Cost — why you can't just heartbeat every second

Heartbeats look cheap and they mostly are — until they aren't.

Bandwidth math. 100,000 connections × one ~60-byte heartbeat every 30 seconds = ~200 KB/s on the wire. Trivial. Drop the interval to 1 second: 6 MB/s. Still fine for a single host on a 10G NIC.

The real cost isn't bandwidth. It's wakeups. Every heartbeat is a timer firing, an event loop iteration, a syscall to write a few bytes, plus the syscall on the read side when the reply arrives. 100,000 connections at 1Hz heartbeat = 100,000 timer wakeups per second on each side, plus the inverse storm of replies. CPU goes up, latency-sensitive work suffers.

If you need sub-second heartbeats at scale, batch them into a timer wheel (Netty's HashedWheelTimer is the canonical implementation) so a single timer tick wakes up many connections at once. Otherwise, keep the interval as long as the slowest middlebox in your path will tolerate.

Reference cheatsheet

Where	Knob	Default	What it does
Linux kernel	`net.ipv4.tcp_keepalive_time`	7200s	Idle seconds before first probe
Linux kernel	`net.ipv4.tcp_keepalive_intvl`	75s	Seconds between probes
Linux kernel	`net.ipv4.tcp_keepalive_probes`	9	Failed probes before drop
Node.js	`socket.setKeepAlive(true, ms)`	off	Per-socket idle time
Go	`conn.SetKeepAlivePeriod(d)`	15s on dialer	Per-socket idle time
Java/Netty	`ChannelOption.SO_KEEPALIVE`	off	Enables kernel keep-alive on channel
nginx upstream	`keepalive_time`, `keepalive_timeout`	1h / 60s	Idle pool reuse window
AWS ALB	idle timeout	60s	Drops idle TCP flows; need heartbeat < 60s
AWS NLB	idle timeout	350s	Same, but at L4 — silent blackhole
WebSocket (RFC 6455)	ping/pong frames	off	Application-layer heartbeat at the protocol level
MQTT	`Keep Alive` in CONNECT	0 (off)	Negotiated PINGREQ interval

The lesson

"Connected" is a lie your kernel tells you by default.
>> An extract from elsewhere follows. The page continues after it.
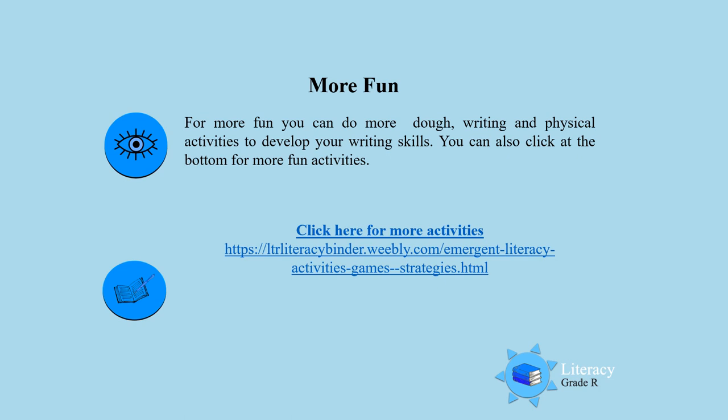You can also click at the bottom for more fun activities. So keep on practicing. Till next time. Goodbye.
TCP doesn't probe. NAT boxes evict idle flows. Load balancers drop sockets after 60 seconds. Your peer process can hang while its kernel cheerfully answers probes. Pick the layer that answers the question you actually care about — route liveness or peer liveness — and for anything long-lived, configure both. The cheapest debugging session is the one you avoid by setting two timers correctly the first time.